U.S. 10-year Treasury notes currently yield about 2.5%, just slightly better than the just-less-than 2% inflation we’ve seen over the first half of this year.

As a result, bond investors are left with only bad — or at least, suboptimal — options right now.

Peter Tchir at Brean Capital published a research note on what he calls “The Circles of Bond Hell.”

There are five:

1. Hope Market Cheapens: Some folks are just waiting for bond prices to fall and yields to rise. But if your investment strategy has come down to “Hope the Market Cheapens,” you have no investment strategy. You are going to church. Tchir: “While this strategy has the appeal of being risk averse, it hasn’t worked at all.”

2. Increase Duration: If you are forced to increase your duration, you’re exposing yourself to interest rate risk. And in (overly) simple terms: When short-term rates rise, the stuff you own that doesn’t mature for a really long time is worth less. Tchir: “This seems to be fraught with career risk at this stage.” This sounds appealing.

3. Decrease Credit Quality: This forces investors to take a step down. So an investment-grade investor buys high-yield corporate bonds, which carry more default risk but yield more, and a government-bond investor buys investment-grade corporate bonds, and so on. Tchir: “While dangerous, this remains a viable way to increase yield — assuming the central banks continue to support the markets and the economy muddles along.”

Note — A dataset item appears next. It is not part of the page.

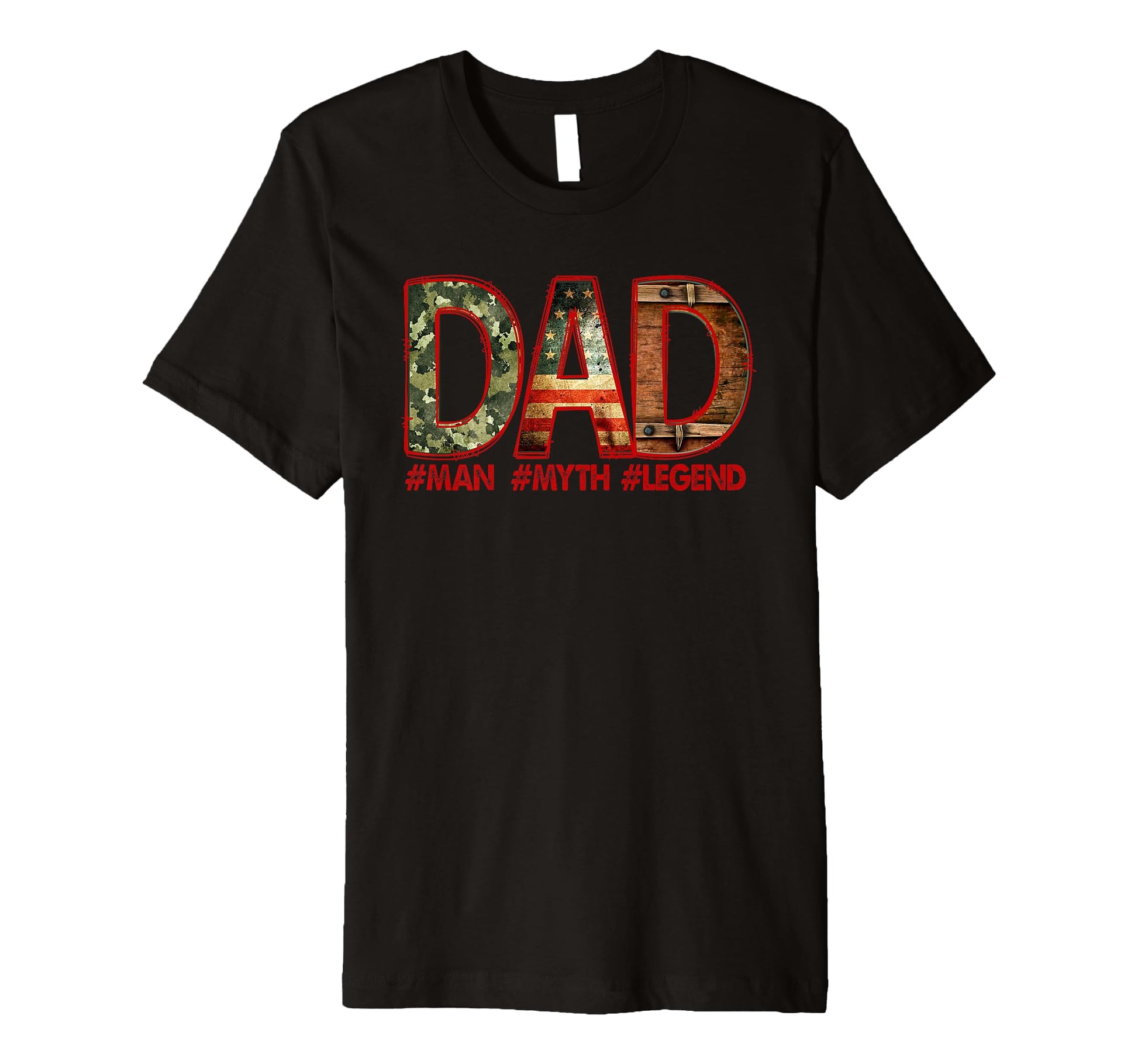 Fathers Day Patriotic Dad Myth Legend T-Shirt - Minimalist Print Men Women - T-Shirt, Sweatshirt, Hoodie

4. Give up Liquidity: Basically, you gotta buy stuff that’s harder to get rid of in order to get returns. This is scary because you can’t get rid of things when the market turns against you. Tchir: “It does mean that your credit decisions have to be better than otherwise, because you likely own this in a down market.”

5. Increase Structure: Buy more complicated stuff. Buying an asset-backed security, which might include some auto loans, mortgages, and other things, instead of buying a high-yield corporate bond from one company. But the more stuff you’ve got, the less you know about how to use it, basically. Tchir: “This is the next most logical step … This is where the value is and where investors will be forced to move as it is the best option left to increase yield.”

In our most recent Most Important Charts In The World feature, Tchir contributed this chart, which shows where we are in the bond market cycle.

According to Tchir’s schematic, we have a world of bond investors finding value where no one else can, but we are short of having a glut of credit geniuses.

For now.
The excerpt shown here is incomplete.